IIRC, there are some DSP chips that use 16-bit words as the smallest addressable unit. That said, the majority of software out there would probably break if these units were not 8 bits.

I think you would run into more people getting confused (at least initially) by having all sizeofX functions returning sizes in bits.

What values do you pass to allocators? How do you take a size of a struct and turn that around and figure out what to pass to an allocator? Doesn't that surface the platform allocation unit size into the middle of everything? How would I port code without rewriting all the allocation and size calculation parts?

Maybe I am missing something here... I get the conceptual clarity, but is this really useful or will it be one of those, "pedantically correct, but the UX sucks" kind of things?

I could see matching C's definitions for the same reasons that C does it that way. Wouldn't it be better to have all of the sizing functions return allocation units and then have a nice little @-function that returns the number of bits in an allocation unit?

shawnl commented 5 years ago

What values do you pass to allocators? How do you take a size of a struct and turn that around and figure out what to pass to an allocator?

These are in bits. But often you would be doing @sizeOf(foo) * x.

Doesn't that surface the platform allocation unit size into the middle of everything?

No, because you always get your numbers from @sizeOf() and @alignOf().

How would I port code without rewriting all the allocation and size calculation parts?

You use @sizeOf() and @alignOf(). The main drawback of this proposal is the increase in memory use on 32-bit architectures if you are storing lots of usize (which is now u35) for some reason (pointers are still the same size, because their alignment reduces their size).

return allocation units

Except that they don't. The allocation unit of mmap is the page size (4KB or 64KB or 2MB), the allocation of the stack is usually 16-bytes, the allocation of an arbitrary type is @alignOf, and there are plenty of instructions that require natural alignment. (and this is a big problem with atomic operations). There is not really any single "allocation unit", and if you are compiling for FPGA (I believe) there is none at all.

I think you would run into more people getting confused (at least initially) by having all sizeofX functions returning sizes in bits.

User's from other compiled languages (esp. C), certainly. But I think it would actually be simpler for user's that are coming from scripting languages which don't have much of a concept of memory, or that are new to programming.

GoogleBot42 commented 5 years ago

There is not really any single "allocation unit", and if you are compiling for FPGA (I believe) there is none at all.

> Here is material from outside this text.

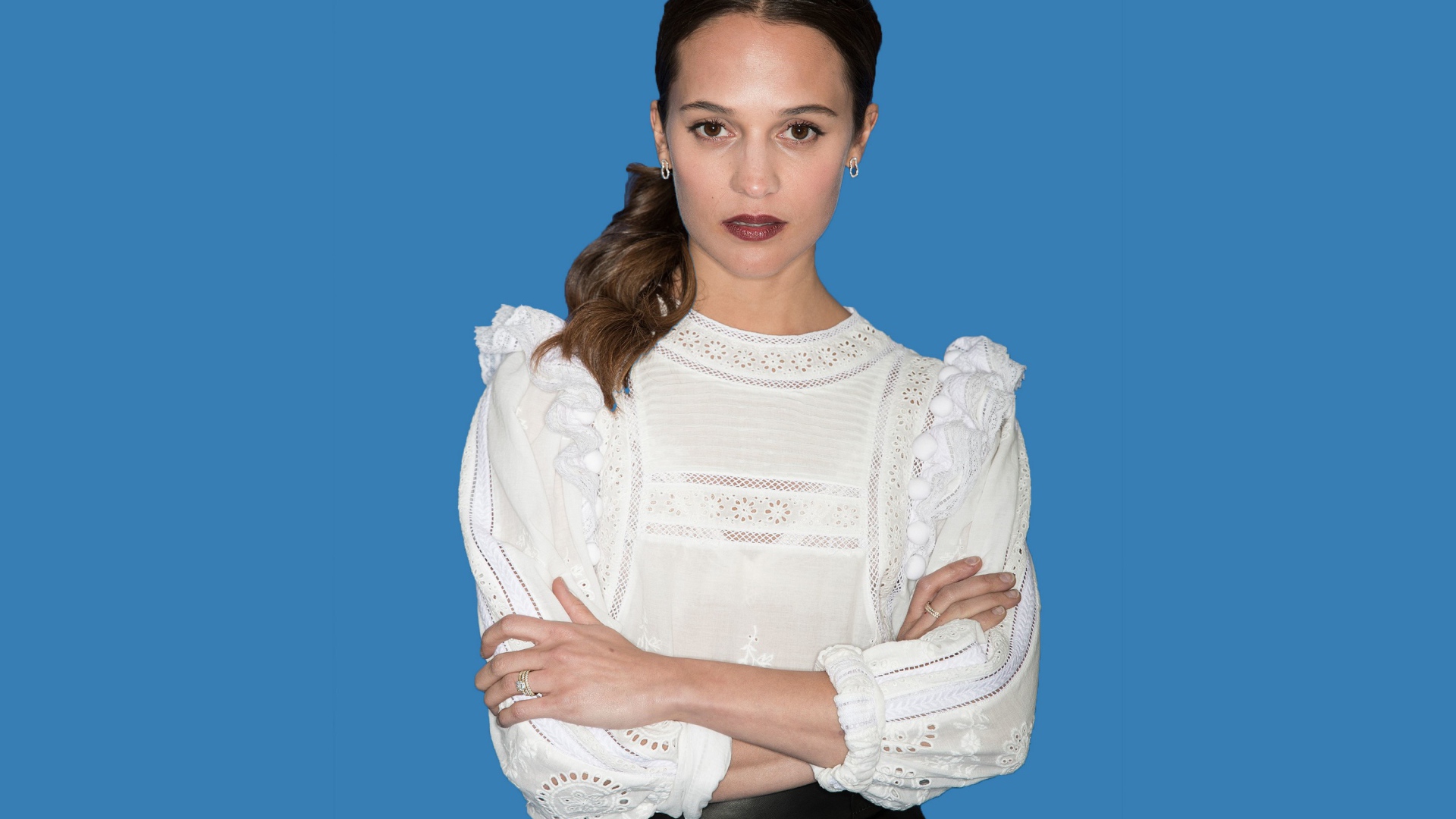 Актриса Алисия Викандер в белой блузке на синем фоне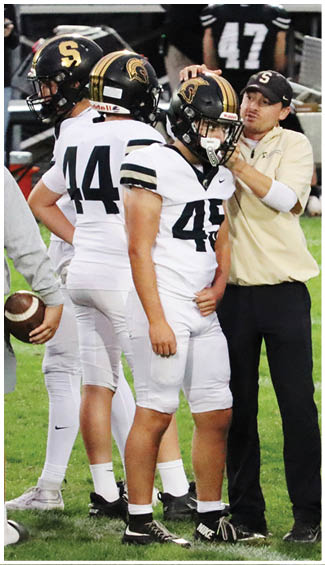 A person in a white football uniform with the number 43 stands next to another person in a beige shirt and black pants on a grassy field. Description generated by AI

FPGAs that have memory usually have memory that works just like memory on other devices. It is common for there to be blocks of memory built into the chip (addressable not by bit but by byte) and/or external memory similar to GPUs. So the concept of bytes still applies to them. I'll grant that FPGAs can more easily hide this if desired. But that doesn't mean that changing Zig to remove the concept of bytes will see any benefit here since the FPGA compilation tools would need to support it anyway.

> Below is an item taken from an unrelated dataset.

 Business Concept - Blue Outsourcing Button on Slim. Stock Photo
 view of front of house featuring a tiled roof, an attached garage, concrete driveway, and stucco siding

But I think it would actually be simpler for user's that are coming from scripting languages which don't have much of a concept of memory, or that are new to programming.

Maybe you are right. Although, I don't think that is Zig's target audience. Zig is aiming to replace C not dynamic languages where it will never be able to compete anyway because of differing design philosophies. If sight is lost of the target audience, the language can quickly grow into a monster. (Sadly, there are a lot of examples of this...)

shawnl commented 5 years ago

I'm not religious about this proposal or anything. There is a real down-size in that usize on 32-bit architectures gets bigger. The use case that led me to this was when the complication of doing bit-granularity loads/stores with optimizations (for @bitCast on vectors) make my code too complicated to use. C does not have odd-sized integer types like zig does, but to fully use zig's integer types we would need an option of bit-granularity pointers. If bytes are still part of the language, then such pointers would always seem like a cludge on the language, and I don't think they would have much chance.

kyle-github commented 5 years ago

Having usize on a 32-bit architecture use two words is a problem, but it seems like a fatal problem on the exact architectures that would possibly use this: small embedded "weird" chips, and FPGAs. The resources on those are very precious. Using 32 bits for an address on an 8-bit processor (well, you could use 24 but modulo 3 arithmetic isn't better) seems like it will result in peasants with pitchforks and torches in the night.

Perhaps there are two conflated things here. One is to have the concept of a bit pointer. I can see the use of that. It would be nice to have a pointer to a u3. The other is using "allocation units" in things like @sizeOf where an allocation unit is the smallest addressable entity directly supported by the CPU.

The first makes tightly packing strange integer sizes nicer (less code on the coder's part). The other makes it a little nicer to support CPUs with 12-bit "bytes" etc.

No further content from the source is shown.